For an input string T of length n over an integer alphabet of size \(\sigma = n^{O(1)}\), we perform standard preprocessing which replaces all characters in T with integers from range [1, n]. Namely, we radix sort the original characters in T, and replace each original character by its rank in the sorted order. Since the original integer alphabet is of size \(n^{O(1)}\), the radix sort can be implemented with O(1) number of bucket sorts, taking O(n) total time. Thus, whenever we speak of a string T over an integer alphabet of size \(n^{O(1)}\), one can regard T as a string over an integer alphabet of size n.

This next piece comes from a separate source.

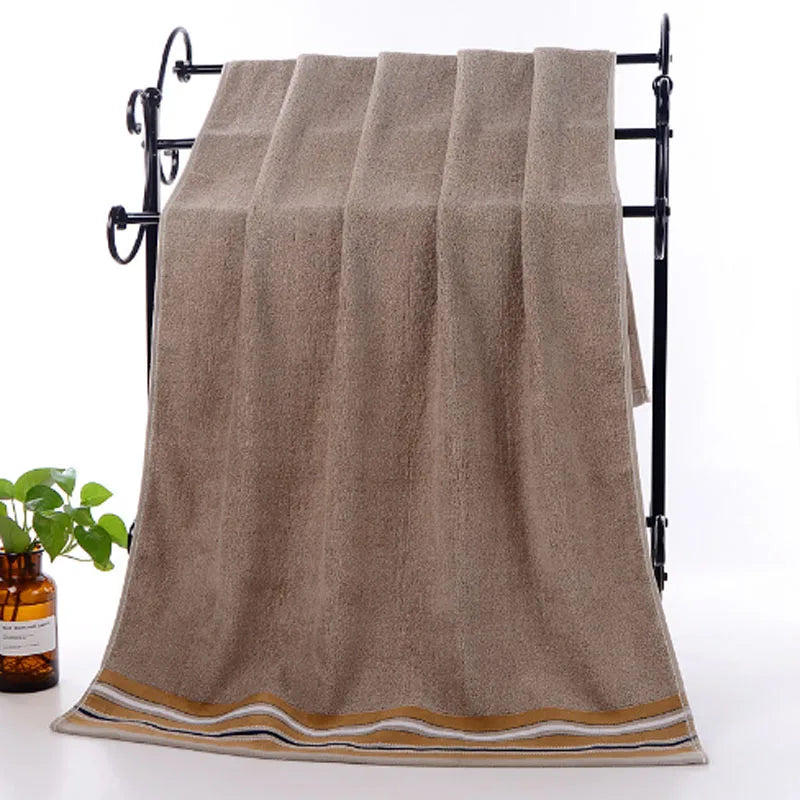 High Quality Soft Super Absorbent Bath Towel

Tools: Suppose a string T ends with a unique character that does not appear elsewhere in T. The suffix tree [17] of a string T, denoted by \( STree (T)\), is a path-compressed trie which represents all suffixes of T. Then, \( STree (T)\) can be defined as an edge-labelled rooted tree such that (1) Every internal node is branching; (2) The out-going edges of every internal node begin with mutually distinct characters; (3) Each edge is labelled by a non-empty substring of T; (4) For each suffix s of T, there is a unique leaf such that the path from the root to the leaf spells out s. It follows from the above definition of \( STree (T)\) that if \(n = |T|\) then the number of nodes and edges in \( STree (T)\) is O(n). By representing every edge label X by a pair (ij) of integers such that \(X = T[i..j]\), \( STree (T)\) can be represented with O(n) space. For a given string T of length n over an integer alphabet of size \(\sigma = n^{O(1)}\), \( STree (T)\) can be constructed in O(n) time [5]. For each node v in \( STree (T)\), let \( str (v)\) denote the string spelled out from the root to v. According to Property (4), we sometimes identify each position i in string T with the leaf which represents the corresponding suffix T[i..n].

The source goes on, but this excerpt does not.